Stored dataset items:
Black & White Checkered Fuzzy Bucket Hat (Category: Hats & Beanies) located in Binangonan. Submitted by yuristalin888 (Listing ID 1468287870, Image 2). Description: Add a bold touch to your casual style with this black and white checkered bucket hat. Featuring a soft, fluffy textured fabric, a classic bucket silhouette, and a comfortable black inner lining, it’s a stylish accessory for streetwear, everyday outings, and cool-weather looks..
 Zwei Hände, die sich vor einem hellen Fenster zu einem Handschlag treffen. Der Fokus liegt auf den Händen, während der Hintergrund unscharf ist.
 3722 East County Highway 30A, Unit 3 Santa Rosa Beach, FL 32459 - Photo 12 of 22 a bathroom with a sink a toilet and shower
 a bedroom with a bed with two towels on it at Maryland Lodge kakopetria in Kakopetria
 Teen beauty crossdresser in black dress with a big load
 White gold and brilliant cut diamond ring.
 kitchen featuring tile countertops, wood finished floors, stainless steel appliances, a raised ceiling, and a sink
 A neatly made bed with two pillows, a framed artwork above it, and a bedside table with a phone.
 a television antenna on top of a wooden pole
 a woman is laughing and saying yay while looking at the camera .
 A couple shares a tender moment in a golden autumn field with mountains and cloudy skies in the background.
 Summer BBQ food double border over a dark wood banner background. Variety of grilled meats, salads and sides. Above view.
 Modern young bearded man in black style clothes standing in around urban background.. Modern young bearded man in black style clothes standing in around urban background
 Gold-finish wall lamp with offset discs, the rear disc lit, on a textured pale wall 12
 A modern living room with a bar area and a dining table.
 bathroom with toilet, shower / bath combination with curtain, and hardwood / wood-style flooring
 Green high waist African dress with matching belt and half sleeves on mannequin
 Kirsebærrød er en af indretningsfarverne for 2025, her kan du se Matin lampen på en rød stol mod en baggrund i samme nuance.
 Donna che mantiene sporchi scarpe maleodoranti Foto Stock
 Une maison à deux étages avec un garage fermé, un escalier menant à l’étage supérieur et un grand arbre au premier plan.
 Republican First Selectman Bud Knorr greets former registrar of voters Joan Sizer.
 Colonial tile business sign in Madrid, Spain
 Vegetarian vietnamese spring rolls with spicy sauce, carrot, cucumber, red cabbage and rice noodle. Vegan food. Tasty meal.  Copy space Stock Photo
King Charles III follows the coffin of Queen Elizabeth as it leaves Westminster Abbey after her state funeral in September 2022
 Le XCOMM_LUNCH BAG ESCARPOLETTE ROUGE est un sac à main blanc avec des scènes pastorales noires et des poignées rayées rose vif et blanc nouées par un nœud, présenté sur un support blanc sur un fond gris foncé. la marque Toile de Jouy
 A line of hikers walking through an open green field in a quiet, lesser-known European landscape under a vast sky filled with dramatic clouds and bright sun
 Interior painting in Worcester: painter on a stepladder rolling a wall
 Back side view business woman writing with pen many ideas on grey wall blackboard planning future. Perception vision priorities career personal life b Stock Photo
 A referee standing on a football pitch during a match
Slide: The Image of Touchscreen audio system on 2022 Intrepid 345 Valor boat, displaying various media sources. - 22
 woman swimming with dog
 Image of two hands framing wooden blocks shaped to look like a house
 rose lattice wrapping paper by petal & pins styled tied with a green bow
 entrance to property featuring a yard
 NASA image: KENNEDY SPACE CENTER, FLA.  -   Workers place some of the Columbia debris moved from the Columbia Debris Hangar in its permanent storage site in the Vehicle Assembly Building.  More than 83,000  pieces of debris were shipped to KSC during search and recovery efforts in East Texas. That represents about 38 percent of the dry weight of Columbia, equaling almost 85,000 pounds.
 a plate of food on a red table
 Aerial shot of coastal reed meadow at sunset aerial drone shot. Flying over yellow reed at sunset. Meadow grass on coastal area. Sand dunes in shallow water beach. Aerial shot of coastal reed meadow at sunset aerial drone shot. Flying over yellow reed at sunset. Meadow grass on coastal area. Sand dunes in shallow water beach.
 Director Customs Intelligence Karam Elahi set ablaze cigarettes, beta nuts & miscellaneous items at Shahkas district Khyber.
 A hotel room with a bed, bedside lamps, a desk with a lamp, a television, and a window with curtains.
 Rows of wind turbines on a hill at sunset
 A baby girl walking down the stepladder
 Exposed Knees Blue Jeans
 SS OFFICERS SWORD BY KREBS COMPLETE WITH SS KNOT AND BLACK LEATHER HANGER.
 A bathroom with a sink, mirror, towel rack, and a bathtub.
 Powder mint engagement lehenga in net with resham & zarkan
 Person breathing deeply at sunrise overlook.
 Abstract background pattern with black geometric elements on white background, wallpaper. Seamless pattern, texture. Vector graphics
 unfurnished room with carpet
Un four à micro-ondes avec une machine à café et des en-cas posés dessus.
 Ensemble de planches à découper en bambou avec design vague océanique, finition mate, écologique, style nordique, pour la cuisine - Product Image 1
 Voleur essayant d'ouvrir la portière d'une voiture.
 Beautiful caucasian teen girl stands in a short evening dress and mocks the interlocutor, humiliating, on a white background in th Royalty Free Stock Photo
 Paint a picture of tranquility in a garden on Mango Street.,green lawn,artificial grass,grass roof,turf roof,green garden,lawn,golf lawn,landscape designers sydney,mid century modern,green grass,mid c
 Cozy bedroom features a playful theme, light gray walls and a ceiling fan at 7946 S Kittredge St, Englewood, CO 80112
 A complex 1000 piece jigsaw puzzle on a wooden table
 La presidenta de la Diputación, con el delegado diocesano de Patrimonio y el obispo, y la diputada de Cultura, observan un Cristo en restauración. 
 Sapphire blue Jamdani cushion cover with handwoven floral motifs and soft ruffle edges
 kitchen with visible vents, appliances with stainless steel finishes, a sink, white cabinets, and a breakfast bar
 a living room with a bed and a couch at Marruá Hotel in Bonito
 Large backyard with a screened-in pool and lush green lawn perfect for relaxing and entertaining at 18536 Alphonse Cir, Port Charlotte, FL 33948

ABOUT THIS EXERCISE: Write out exactly the lines above from the line with "entrance to property featuring a yard" through the line with "Paint a picture", both of them included, and leave out all other lines.

PROBLEM SOLUTION:
 entrance to property featuring a yard
 NASA image: KENNEDY SPACE CENTER, FLA.  -   Workers place some of the Columbia debris moved from the Columbia Debris Hangar in its permanent storage site in the Vehicle Assembly Building.  More than 83,000  pieces of debris were shipped to KSC during search and recovery efforts in East Texas. That represents about 38 percent of the dry weight of Columbia, equaling almost 85,000 pounds.
 a plate of food on a red table
 Aerial shot of coastal reed meadow at sunset aerial drone shot. Flying over yellow reed at sunset. Meadow grass on coastal area. Sand dunes in shallow water beach. Aerial shot of coastal reed meadow at sunset aerial drone shot. Flying over yellow reed at sunset. Meadow grass on coastal area. Sand dunes in shallow water beach.
 Director Customs Intelligence Karam Elahi set ablaze cigarettes, beta nuts & miscellaneous items at Shahkas district Khyber.
 A hotel room with a bed, bedside lamps, a desk with a lamp, a television, and a window with curtains.
 Rows of wind turbines on a hill at sunset
 A baby girl walking down the stepladder
 Exposed Knees Blue Jeans
 SS OFFICERS SWORD BY KREBS COMPLETE WITH SS KNOT AND BLACK LEATHER HANGER.
 A bathroom with a sink, mirror, towel rack, and a bathtub.
 Powder mint engagement lehenga in net with resham & zarkan
 Person breathing deeply at sunrise overlook.
 Abstract background pattern with black geometric elements on white background, wallpaper. Seamless pattern, texture. Vector graphics
 unfurnished room with carpet
Un four à micro-ondes avec une machine à café et des en-cas posés dessus.
 Ensemble de planches à découper en bambou avec design vague océanique, finition mate, écologique, style nordique, pour la cuisine - Product Image 1
 Voleur essayant d'ouvrir la portière d'une voiture.
 Beautiful caucasian teen girl stands in a short evening dress and mocks the interlocutor, humiliating, on a white background in th Royalty Free Stock Photo
 Paint a picture of tranquility in a garden on Mango Street.,green lawn,artificial grass,grass roof,turf roof,green garden,lawn,golf lawn,landscape designers sydney,mid century modern,green grass,mid c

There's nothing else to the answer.